=== Source material ===
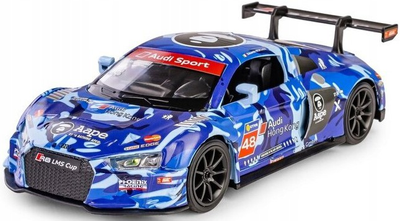 Metalowy model RMZ Hobby samochód sportowy Audi R8 2015 1:32 Niebieski (5905422081116)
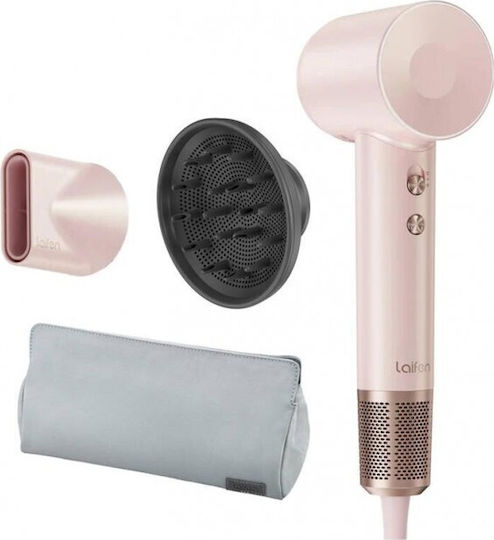 Laifen Swift Premium Hair Dryer Turbo 1600W Golden Pink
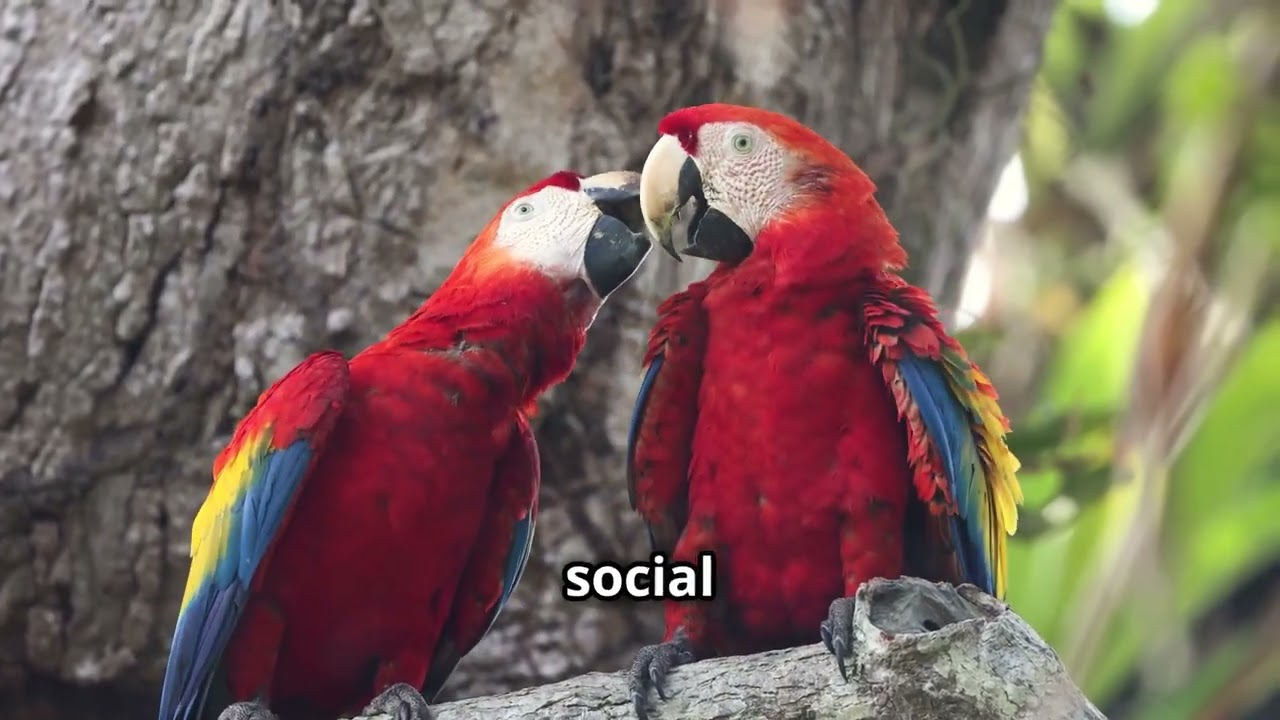 Scarlet Macaws Costa Rica’s Vibrant Treasure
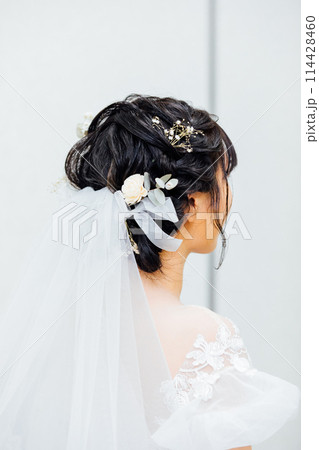 支度 新婦 ヘアメイク 支度 新婦 ヘアメイク 114428460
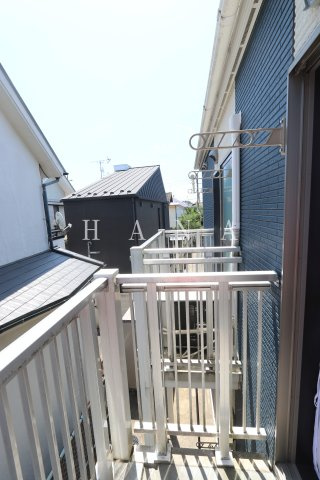 レオネクストプリムローズハウスのバルコニー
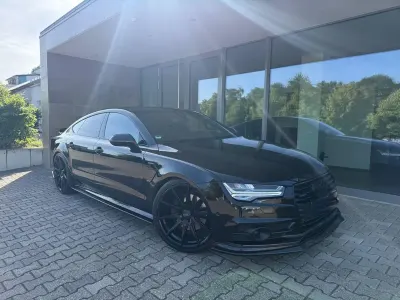 Gebraucht Audi A7 S-Line 272 PS (200 kW) 2015 Schwarz Kleinwagen
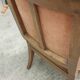 Fauteuil Restauration en noyer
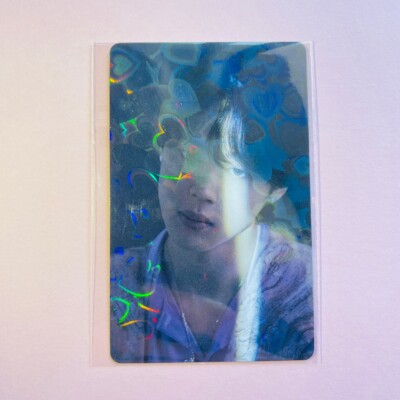 BTS Proof JIMIN Photo Card Standard Compact Edition Japan Benefits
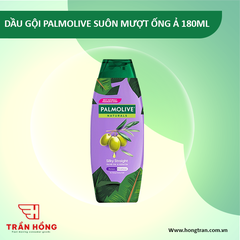 DẦU GỘI CHAI PALMOLIVE SUÔN MƯỢT ỐNG Ả 180ML x 24 CHAI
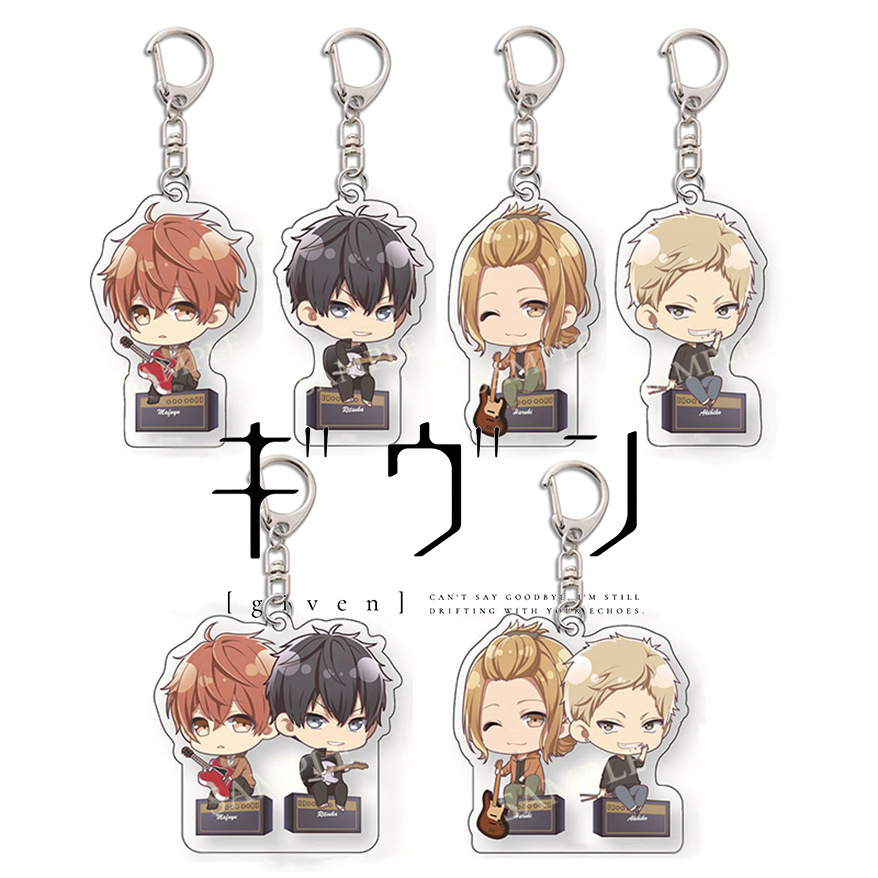Given Acrylic Keychain Bag Cha – Resin Art Keychain Bewertung und Preis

=== What this task involves ===
When the line containing "DẦU GỘI CHAI" is reached, write out that line and each one after it exactly, ending with the last line of the records; pictures are not copied.

=== Output for this task ===
 DẦU GỘI CHAI PALMOLIVE SUÔN MƯỢT ỐNG Ả 180ML x 24 CHAI
Given Acrylic Keychain Bag Cha – Resin Art Keychain Bewertung und Preis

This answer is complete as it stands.